Look for the line containing "Now we are going" and the line containing "The system logs" in the entries below. Copy those two and all lines between them exactly, leaving out pictures.

** SUPPLIED INFORMATION follows **

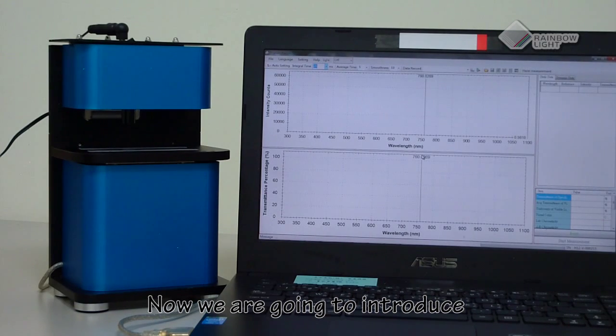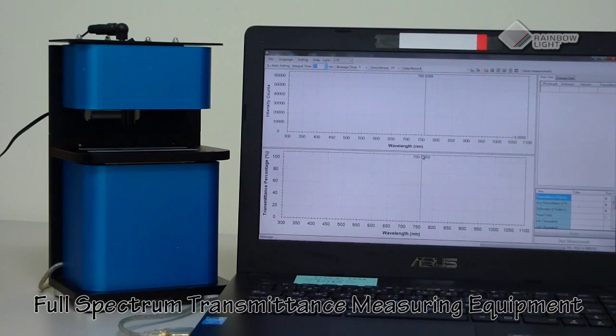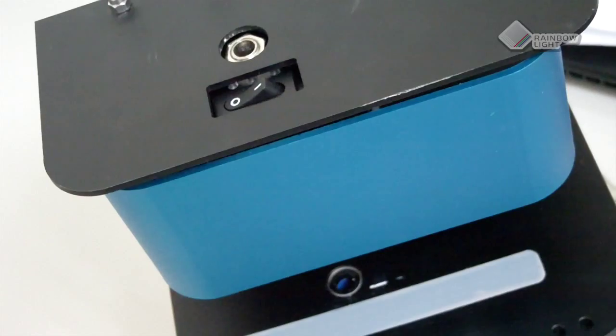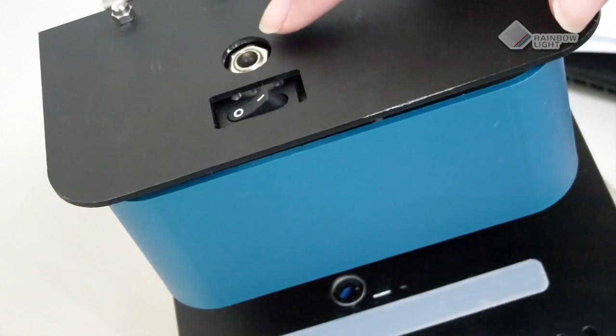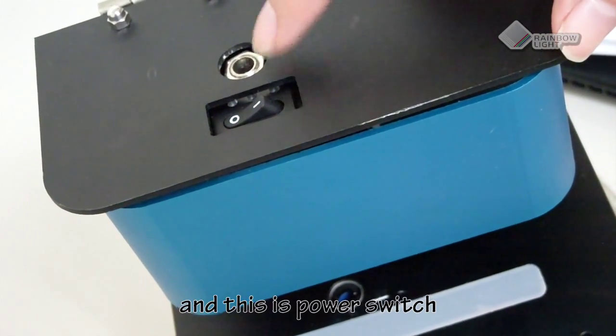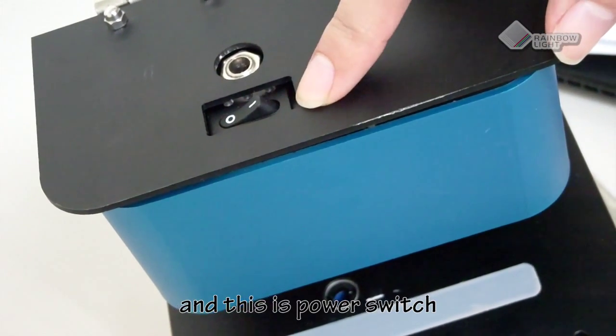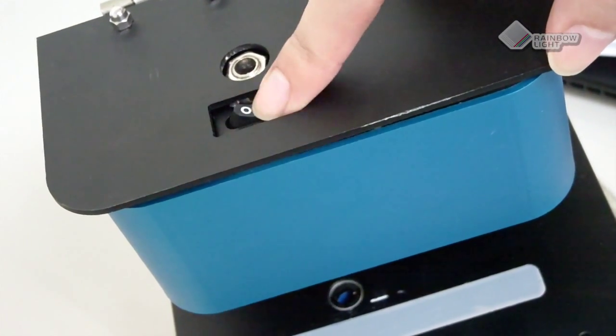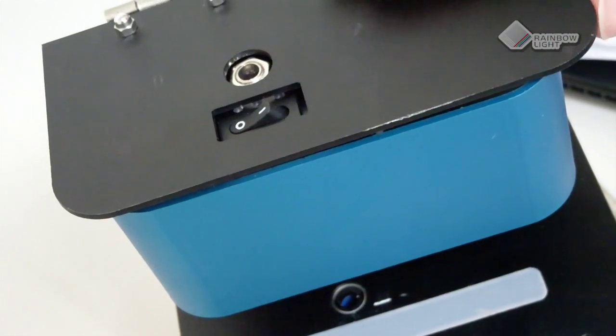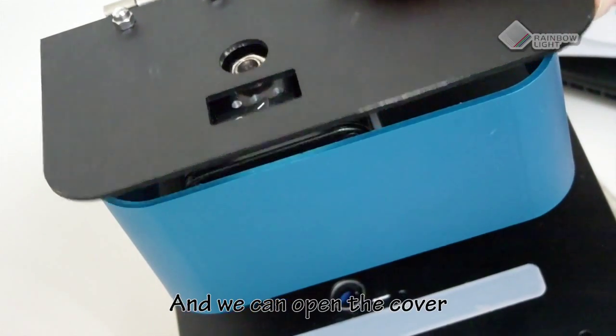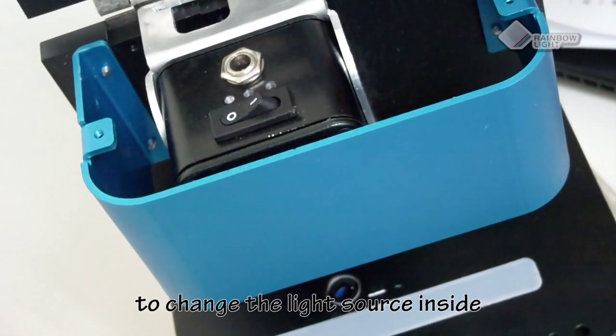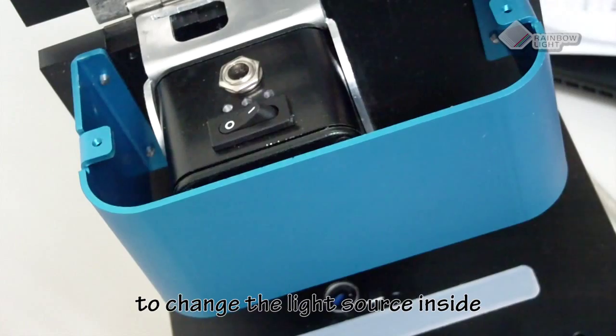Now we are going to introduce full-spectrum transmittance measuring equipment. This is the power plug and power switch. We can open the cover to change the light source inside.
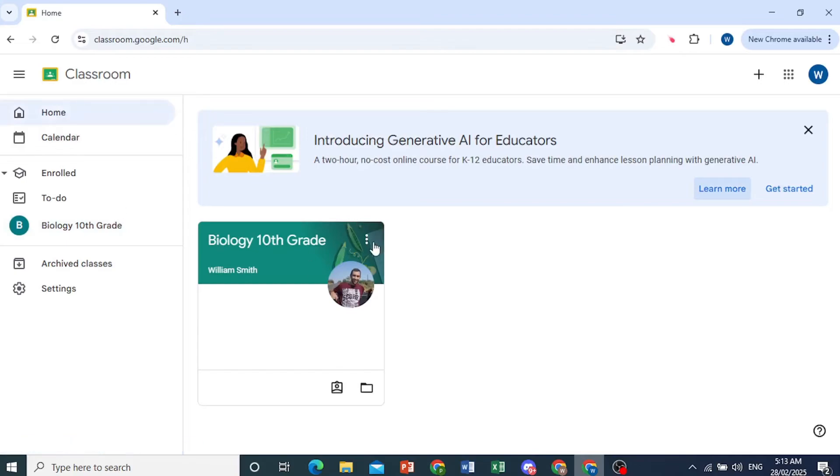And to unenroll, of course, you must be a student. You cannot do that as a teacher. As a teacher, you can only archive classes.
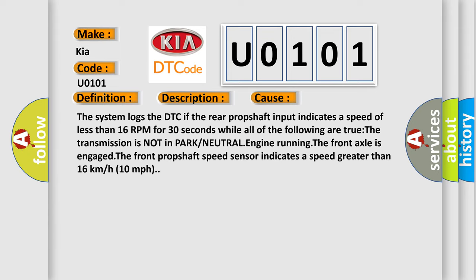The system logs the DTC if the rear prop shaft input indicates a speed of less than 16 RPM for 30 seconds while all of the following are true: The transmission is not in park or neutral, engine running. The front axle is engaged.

** End of SUPPLIED INFORMATION **
** SUPPLIED INFORMATION follows **

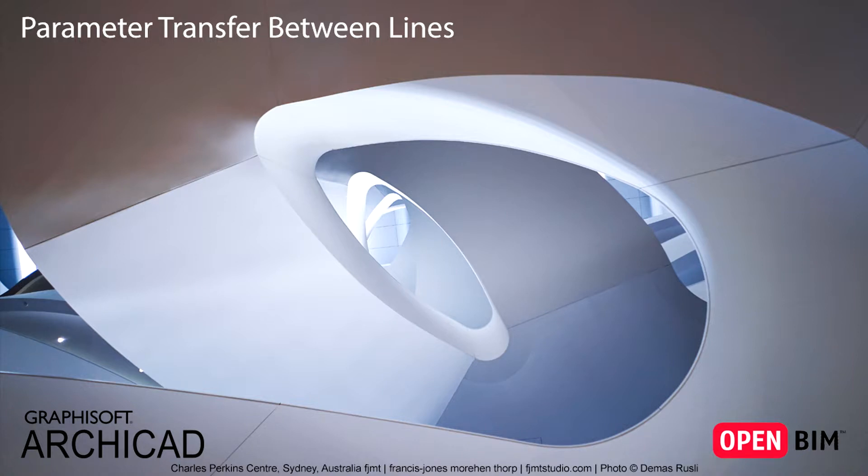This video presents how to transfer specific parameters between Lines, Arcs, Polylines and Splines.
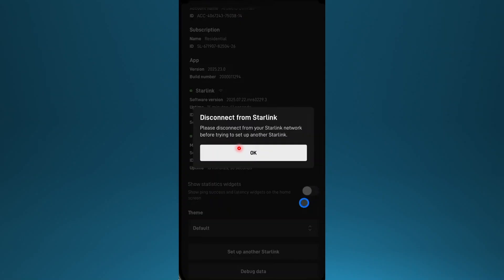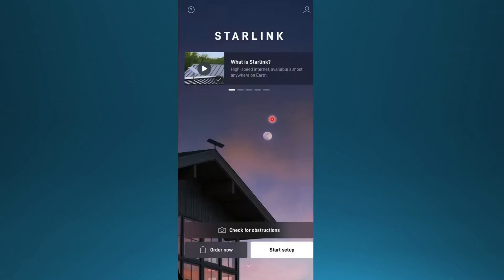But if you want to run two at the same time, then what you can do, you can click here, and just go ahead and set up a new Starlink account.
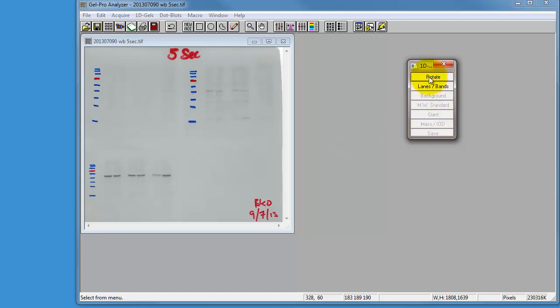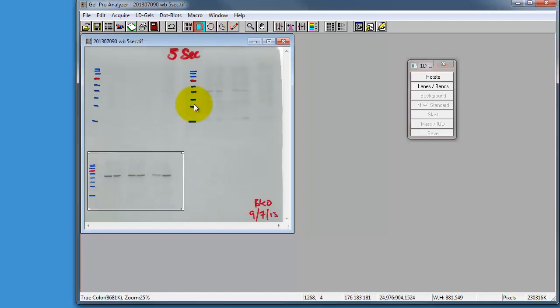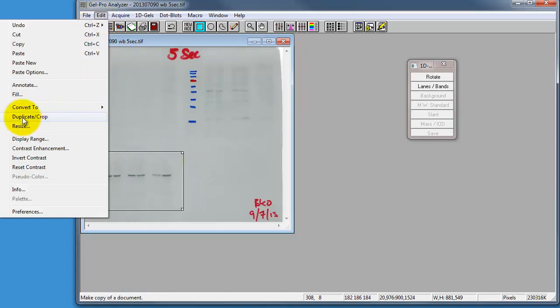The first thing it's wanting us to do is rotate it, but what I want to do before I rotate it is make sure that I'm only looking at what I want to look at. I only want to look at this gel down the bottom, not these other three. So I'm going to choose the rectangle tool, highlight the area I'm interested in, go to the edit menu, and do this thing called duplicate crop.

** End of SUPPLIED INFORMATION **

» **WRITTEN SOLUTION**:
Now we are going to introduce full-spectrum transmittance measuring equipment. This is the power plug and power switch. We can open the cover to change the light source inside.
And to unenroll, of course, you must be a student. You cannot do that as a teacher. As a teacher, you can only archive classes.
The system logs the DTC if the rear prop shaft input indicates a speed of less than 16 RPM for 30 seconds while all of the following are true: The transmission is not in park or neutral, engine running. The front axle is engaged.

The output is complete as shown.